El chico baja con cuidado la rampa y hace saltar las rejillas de la entrada. Dobla hacia el centro en la primera esquina.

Papá, le dice el chico, pero se detiene en seco. Pone el cambio en punto muerto y deja que el auto descanse.

Muy lindo el cuento, continúa, aunque no suena para nada como lo que estaba por decir.

El hombre asiente sin apartar la vista de su ventanilla.

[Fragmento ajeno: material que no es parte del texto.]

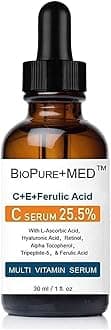 Biopuremed 25.5% Vitamin Ce+Ferulic Acid Serum For Face: Brightening Anti Wrinkle Serum With Tripeptide-5, Retinol, Hyaluronic Acid Tns Best Korean Organic Vitamin C Serum/Face Moisturizer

Están frente a un semáforo de calle Suipacha y, a los costados, los peatones ya no bajan a la calle: es el turno de los autos. Ellos se alejan de barrio Roma, donde el hijo amó a una chica hace pocos años. Por un tiempo pensó en volver a llamarla pero si no lo hizo entonces menos sentido tendría hacerlo ahora. En realidad, por cada día que pasa, más extraño es el llamado.